Monday, May 09, 2005

"Things You Learn From Small Boys" Dept

I've seen this come around several times over the years and have no idea whether it's anything but urban myth -- but as an Austin, Texas father of three boys, including identical twins, it sounds perfectly realistic to me (as anybody who's read The Boss's book already knows, of course).

Hat tip to Randy Guidry, whom you probably don't know 'cause he's my blogless supervisor at British Petroleum.

The following came from an anonymous Mother in Austin, Texas...

Things I've learned from my boys:

1.) A king size waterbed holds enough water to fill a 2,000 sq. ft. house 4 inches deep.

2.) If you spray hair spray on dust bunnies and run over them with roller blades, they can ignite.

3.) A 3-year old boy's voice is louder than 200 adults in a crowded restaurant.

4.) If you hook a dog leash over a ceiling fan, the motor is not strong enough to rotate a 42-pound boy wearing Batman underwear and a Superman cape. It is strong enough, however, if tied to a paint can, to spread paint on all four walls of a 20x20 ft. room.

5.) You should not throw baseballs up when the ceiling fan is on. When using a ceiling fan as a bat, you have to throw the ball up a few times before you get a hit. A ceiling fan can hit a baseball a long way.

6.) The glass in windows (even double-pane) doesn't stop a baseball hit by a ceiling fan.

7.) When you hear the toilet flush and the words "uh oh," it's already too late.

8.) Brake fluid mixed with Clorox makes smoke, and lots of it.

9.) A six-year old boy can start a fire with a flint rock even though a 36-year old man says they can only do it in the movies.

10.) Certain Legos will pass through the digestive tract of a 4-year old boy.

11.) The words play dough and microwave should not be used in the same sentence.
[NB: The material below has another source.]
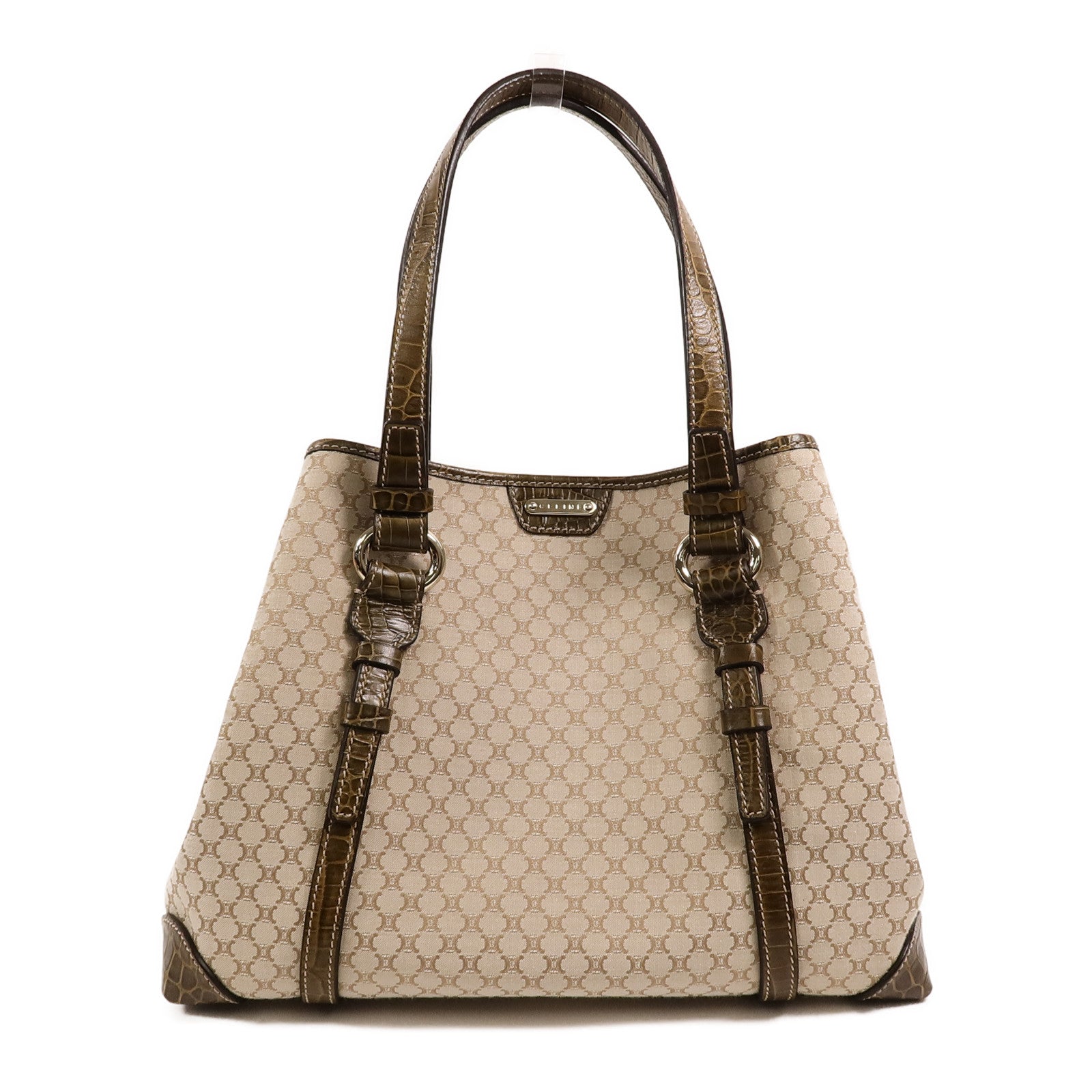 CELINE 帆布/牛皮皮革Vintage Macadam Tote肩背袋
12.) Super glue is 4-ever.

13.) No matter how much Jell-O you put in a swimming pool you still can't walk on water.

14.) Pool filters do not like Jell-O.

15). VCR's do not eject "PB & J" sandwiches even though TV commercials show they do.

16.) Garbage bags do not make good parachutes.

17.) Marbles in gas tanks make lots of noise when driving.

18.) You probably DO NOT want to know what that odor is.

19.) Always look in the oven before you turn it on; plastic toys do not like ovens.

20.) The fire department in Austin, Texas has a 5-minute response time.

21.) The spin cycle on the washing machine does not make earthworms dizzy.

22.) It will, however, make cats dizzy.

23.) Cats throw up twice their body weight when dizzy.

24.) 80% of men who read this will try mixing the Clorox and brake fluid.

And The Peril can add from his very own personally verified experience:

25.) The emergency rooms in Austin, Texas give neither volume discounts nor frequent-visitor incentives.